Periodic Reporting for period 3 - ILIAD (Intra-Logistics with Integrated Automatic Deployment: safe and scalable fleets in shared spaces)
Período documentado: 2019-07-01 hasta 2021-06-30
The overarching goal of ILIAD is to address limitations in the state of the art which impede the efficient use of robot fleets in warehouse logistics. We address these limitations by the following means: a systematic study of human safety in shared environments, the development of a generic, safe and efficient solution for a mixed fleet of robots handling logistics tasks in human–robot shared environments, supporting life-long operation (meaning that the system can run independently, even when the environment changes), efficient methods for fleet coordination (of mixed fleets of autonomous and human-driven vehicles), and automated picking and handling of a wide range of goods without replacing the gripper.
In order to drive the proposed research and innovations, and to maximise the impact of these actions within the industry, ILIAD has adopted a particularly demanding use case for logistics in the distribution of food products, involving AGVs operating together with human workers. For ILIAD, the food industry provides an especially relevant use case because of its particularly challenging requirements: sensitive products with short shelf-life, etc. The use-case scenario of a food distribution warehouse serves as a model for automating warehouse operations in many industries where rapid response to changing market needs is required. ILIAD aims to develop automated solutions to the complete range of tasks required for the intra-logistics chain in this type of scenario. However, the expected impact of ILIAD also goes well beyond the warehouse context. ILIAD develops key technologies that are relevant to all kinds of multiple-actor systems where robots and humans operate in the same environment. We expect to extend the state of the art in the fields of robot perception (including reliability-aware mapping and learning of semantic maps), planning (task allocation, coordination, motion planning), navigation, manipulation, and human–robot interaction. All of these innovations are essential for enabling independent, coordinated, safe and reliable operation of robots in shared human–robot environments.
We have also innovated in reliable people detection and tracking in a wide range of conditions, combining cameras and laser scanners.
We have contributed to human safety, in partular through a unified representation for biomechanics impact data and robot dynamic properties, which is to be used for safety-aware motion planning.
We have also developed novel motion-planning algorithms that improve the efficiency of planning in tight spaces, and approaches that plan motions considering learned human behaviours. Other notable results include safe and deadlock-free coordination also under poor network conditions.
We have also implemented a two-arm object picking system and a corresponding vision system to precisely detect object poses.

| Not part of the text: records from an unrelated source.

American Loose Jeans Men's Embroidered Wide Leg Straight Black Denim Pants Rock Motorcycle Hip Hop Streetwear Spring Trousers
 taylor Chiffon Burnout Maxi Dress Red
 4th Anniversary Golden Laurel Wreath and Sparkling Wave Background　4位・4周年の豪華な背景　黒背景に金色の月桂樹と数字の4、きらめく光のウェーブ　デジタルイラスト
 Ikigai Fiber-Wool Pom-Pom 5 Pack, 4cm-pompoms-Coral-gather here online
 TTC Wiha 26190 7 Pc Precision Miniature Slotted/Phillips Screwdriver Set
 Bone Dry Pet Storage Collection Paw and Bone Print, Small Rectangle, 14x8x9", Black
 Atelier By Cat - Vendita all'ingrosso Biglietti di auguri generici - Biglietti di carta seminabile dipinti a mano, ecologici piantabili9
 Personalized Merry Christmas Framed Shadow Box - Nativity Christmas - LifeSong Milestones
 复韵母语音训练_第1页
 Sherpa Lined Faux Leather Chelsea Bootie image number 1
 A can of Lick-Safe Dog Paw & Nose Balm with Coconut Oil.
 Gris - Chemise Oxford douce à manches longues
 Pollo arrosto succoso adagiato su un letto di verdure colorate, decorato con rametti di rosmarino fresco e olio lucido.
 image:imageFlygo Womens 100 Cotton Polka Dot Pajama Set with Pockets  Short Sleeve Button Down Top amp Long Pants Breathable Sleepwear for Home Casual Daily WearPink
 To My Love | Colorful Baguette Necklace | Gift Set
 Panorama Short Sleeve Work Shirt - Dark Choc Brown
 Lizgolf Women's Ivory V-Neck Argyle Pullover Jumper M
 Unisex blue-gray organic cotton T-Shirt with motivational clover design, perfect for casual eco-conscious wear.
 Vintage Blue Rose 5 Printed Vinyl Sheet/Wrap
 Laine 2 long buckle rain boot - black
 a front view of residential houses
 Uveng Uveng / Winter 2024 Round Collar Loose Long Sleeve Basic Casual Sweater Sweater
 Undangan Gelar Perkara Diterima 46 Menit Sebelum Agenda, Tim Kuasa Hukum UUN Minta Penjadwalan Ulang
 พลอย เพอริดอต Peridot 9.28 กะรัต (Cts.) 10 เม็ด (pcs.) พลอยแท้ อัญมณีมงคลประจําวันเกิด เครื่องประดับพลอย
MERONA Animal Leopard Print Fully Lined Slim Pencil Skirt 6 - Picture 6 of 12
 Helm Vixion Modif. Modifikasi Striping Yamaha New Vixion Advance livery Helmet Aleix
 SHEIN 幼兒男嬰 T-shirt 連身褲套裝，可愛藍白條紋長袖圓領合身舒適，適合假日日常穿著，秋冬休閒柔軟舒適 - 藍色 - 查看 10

Finally, we have developed and implemented a cutting tool along with a control and vision system that makes it possible to detect and cut open stretch wrap packaging.
ILIAD has contributed to the field of localisation and mapping by improving ease of use and accuracy. Using sensor self-calibration and novel quality metrics, the system is also reliability-aware. We have extended state-of-the-art in long-term operation via learning from past experience, better taking into account temporal context, such as the current time of day.
As for planning and coordination, we have made strides towards more compliant robots by means of human-aware maps and navigation, as well as innovations leading to coordination that seamlessly integrates motion planning, task allocation, and robot controllers.
As for manipulation (picking and handling of objects), ILIAD has designed novel grippers that can handle containers that differ in size, weight, and softness. In addition to handling heterogeneous objects, a further complication arises from the fact that the pallets are wrapped by plastic film. Cutting open this film and correctly picking all the objects on the pallet require delicate and flexible manipulation skills that go well beyond what state-of-the-art systems can handle.